**SOURCE MATERIAL:**
══════

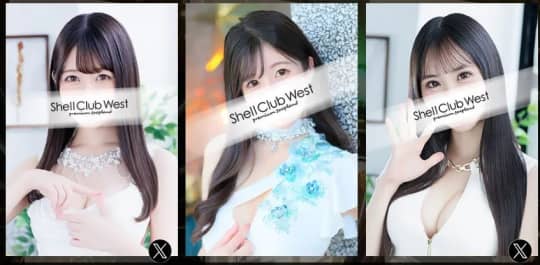 女性一覧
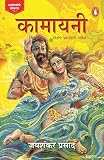 Amazon cover image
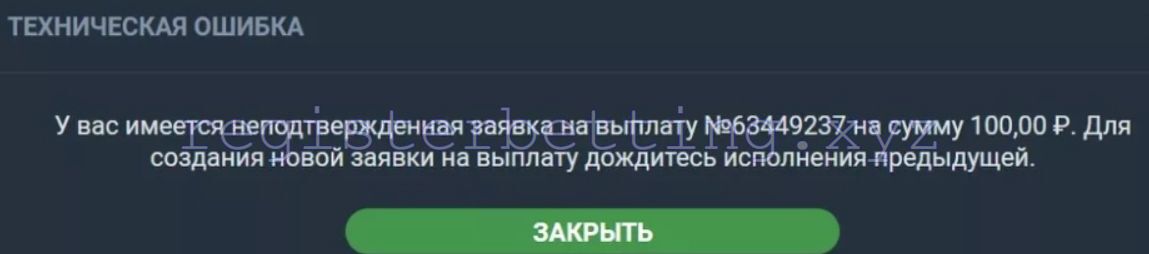 Вывод средств через кошелек ЦУПИС Балтбет 2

══════

**YOUR OBJECTIVE:** Take the listing above and retype it exactly. Its pictures are to be omitted.

**RESPONSE BOX:**
 女性一覧
 Amazon cover image
 Вывод средств через кошелек ЦУПИС Балтбет 2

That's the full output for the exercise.